Вам, кому от господа бога, как говорится, больше дано, кого несправедливая природа талантами наградила, легко нас, серых, поучать: догоняйте, мол, или сидите и под ноги не суйтесь. Что же. Большинство и сидит, не суется. Посмотри на Захара: мерзнет на лесах под ветром, мокнет под дождем, да еще и рад: профессию имеет! А там, смотришь, на фанерной доске его морду к Первомаю наклеят.
Но ведь бывает, что и беззубому укусить хочется. Бывает, что и мерин в табуне жеребцу позавидует. А ты мне что предлагаешь? Чтобы я сам, своими руками оборвал ниточку, за которую вот-вот ухватился, вывел на чистую воду да и утопил тех, кто меня вверх тянет? Э, нет!»
А вслух сказал:
— В общем так. Уголовщиной пусть прокуратура интересуется. Я к тебе по семейному делу. Есть один вопрос. Только ты, пожалуйста, без фокусов: может, затруднения есть… или будет жена возражать…
— Деньги, что ли, нужны? — обрадовался Борис.

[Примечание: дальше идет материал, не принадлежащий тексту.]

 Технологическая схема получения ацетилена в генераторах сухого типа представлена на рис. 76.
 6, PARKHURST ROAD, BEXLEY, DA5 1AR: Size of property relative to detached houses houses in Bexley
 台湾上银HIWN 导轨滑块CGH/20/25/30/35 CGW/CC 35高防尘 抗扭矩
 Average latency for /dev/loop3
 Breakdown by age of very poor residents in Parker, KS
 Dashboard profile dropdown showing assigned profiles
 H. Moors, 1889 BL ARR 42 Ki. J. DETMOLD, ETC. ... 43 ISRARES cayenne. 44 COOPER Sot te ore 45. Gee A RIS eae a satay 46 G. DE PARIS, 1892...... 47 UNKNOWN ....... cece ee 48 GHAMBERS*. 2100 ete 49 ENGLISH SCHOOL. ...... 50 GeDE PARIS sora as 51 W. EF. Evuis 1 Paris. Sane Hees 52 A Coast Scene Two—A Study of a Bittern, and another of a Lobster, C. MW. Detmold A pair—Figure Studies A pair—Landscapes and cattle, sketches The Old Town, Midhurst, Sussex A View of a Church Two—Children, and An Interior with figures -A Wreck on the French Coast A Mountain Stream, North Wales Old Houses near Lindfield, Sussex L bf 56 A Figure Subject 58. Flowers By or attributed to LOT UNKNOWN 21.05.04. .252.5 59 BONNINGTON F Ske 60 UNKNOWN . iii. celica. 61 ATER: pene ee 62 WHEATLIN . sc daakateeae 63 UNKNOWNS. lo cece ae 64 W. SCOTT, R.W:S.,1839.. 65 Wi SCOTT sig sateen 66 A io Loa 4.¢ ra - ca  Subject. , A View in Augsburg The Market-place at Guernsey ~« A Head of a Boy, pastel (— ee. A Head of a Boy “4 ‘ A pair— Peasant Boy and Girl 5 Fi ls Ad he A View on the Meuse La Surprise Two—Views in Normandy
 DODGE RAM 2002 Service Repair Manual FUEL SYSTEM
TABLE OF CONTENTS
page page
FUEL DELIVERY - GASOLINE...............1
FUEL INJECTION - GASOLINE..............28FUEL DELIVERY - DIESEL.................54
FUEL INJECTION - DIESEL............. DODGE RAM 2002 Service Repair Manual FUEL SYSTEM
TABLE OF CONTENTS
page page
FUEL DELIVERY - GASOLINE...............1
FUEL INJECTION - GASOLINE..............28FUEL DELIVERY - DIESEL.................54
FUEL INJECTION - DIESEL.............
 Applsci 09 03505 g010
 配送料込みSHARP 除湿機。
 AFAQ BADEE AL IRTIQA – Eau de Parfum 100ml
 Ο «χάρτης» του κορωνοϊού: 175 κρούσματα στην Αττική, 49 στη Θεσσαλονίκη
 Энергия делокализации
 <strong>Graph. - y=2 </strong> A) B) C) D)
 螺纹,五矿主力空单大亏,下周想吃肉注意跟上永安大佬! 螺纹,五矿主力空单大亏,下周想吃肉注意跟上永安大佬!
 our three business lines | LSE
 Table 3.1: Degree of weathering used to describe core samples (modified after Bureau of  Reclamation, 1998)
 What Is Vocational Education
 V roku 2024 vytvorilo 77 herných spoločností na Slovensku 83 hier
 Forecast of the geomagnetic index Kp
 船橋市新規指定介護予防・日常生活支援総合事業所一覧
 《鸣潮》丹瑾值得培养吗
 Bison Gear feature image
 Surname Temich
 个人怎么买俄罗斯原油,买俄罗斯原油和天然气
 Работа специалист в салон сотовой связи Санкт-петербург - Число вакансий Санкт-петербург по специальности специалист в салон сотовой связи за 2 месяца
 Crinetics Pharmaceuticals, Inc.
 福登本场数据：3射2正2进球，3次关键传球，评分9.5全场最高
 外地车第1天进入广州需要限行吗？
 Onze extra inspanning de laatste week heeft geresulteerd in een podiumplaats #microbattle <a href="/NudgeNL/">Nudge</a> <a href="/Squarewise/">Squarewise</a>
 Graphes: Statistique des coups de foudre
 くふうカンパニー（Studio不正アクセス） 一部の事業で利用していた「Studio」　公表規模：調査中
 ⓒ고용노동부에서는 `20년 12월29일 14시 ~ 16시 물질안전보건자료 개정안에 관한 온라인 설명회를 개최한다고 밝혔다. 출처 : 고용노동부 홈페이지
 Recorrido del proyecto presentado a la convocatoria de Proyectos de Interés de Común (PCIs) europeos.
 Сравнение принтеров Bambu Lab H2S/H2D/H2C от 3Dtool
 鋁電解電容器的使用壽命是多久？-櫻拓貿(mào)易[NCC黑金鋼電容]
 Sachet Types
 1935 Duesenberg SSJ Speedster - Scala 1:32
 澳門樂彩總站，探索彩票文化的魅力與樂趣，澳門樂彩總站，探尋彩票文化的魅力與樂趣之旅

— Если не запланировал крупных покупок, — сказал Крамаренко, все больше злясь на себя за то, что обратился к сыну за денежной помощью, — поддержи месяца три… От силы — четыре.
— Сколько угодно! О чем разговор? — замахал руками Борис. — Все равно нам с Ирмой сейчас некогда тратить. Вот закончим опыты, может, тогда… — И, показав на сваленные в кучу на подоконнике книги, засмеялся: — Это у нас вместо мебели. Мы решили, что комфорт преждевременно старит людей.
Он порылся в карманах пиджака, висевшего на гвозде, и протянул отцу деньги.
— Вот. На первое время. Когда кончатся, скажи. У Ирмы скоро получка.
Крамаренко пересчитал деньги и, аккуратно сложив, спрятал их в портмоне. «Откуда у него эта легкость, — подумал он о Борисе, — широта откуда? Жилось-то нам всегда трудновато, да и сейчас у него в новой квартире хоть шаром покати. А с деньгами обращается так, будто они у него в кармане растут».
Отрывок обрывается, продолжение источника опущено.